Pandemi önlemleri kapsamında çevrimiçi düzenlenen panel, Hafız Ahmed Kaya’nın okuduğu Kur'an-ı Kerim tilaveti ile başladı. Üsküdar Üniversitesi İnsan ve Toplum Bilimleri Fakültesi Tarih Bölüm Başkanı Dr. Öğretim Üyesi Uygar Aydemir’in moderatörlüğünde gerçekleşen panelde açılış konuşmaları gerçekleştirildi.
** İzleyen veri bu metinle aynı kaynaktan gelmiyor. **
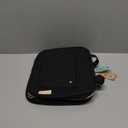 BAGSMART Toiletry Bag Travel Bag with Hanging Hook, Water-resistant Makeup Cosmetic Bag Travel Organizer for Accessories, Shampoo, Full-size Container, Toiletries (Black, Medium)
Risale-i Nur eserleri, Kur’an güneşinin pırıltılarıdır

Üsküdar Üniversitesi Kurucu Rektörü, Yönetim Üst Kurulu Başkanı Prof. Dr. Nevzat Tarhan, açılış konuşmasında Bediüzzaman Said Nursi Hazretlerini 62’nci vefat yıldönümünde 9’ncu Anma ve Anlama Programı ile andıklarını söyledi. Tarhan, “Risale-i Nur eserleri, Kur’an güneşinin çuhalarıdır, pırıltılarıdır, sızıntılarıdır, Kur'an’ın bu çağa bakan bir ışığı ve yorumudur. Bediüzzaman da bu çağda medrese, mektep ve tekkeyi birleştiren bir kişidir. Bu zamanda bu üç caddeyi ana caddede günümüze sunuyor.” dedi.

“Risale-i Nur bütün insanların referansıdır”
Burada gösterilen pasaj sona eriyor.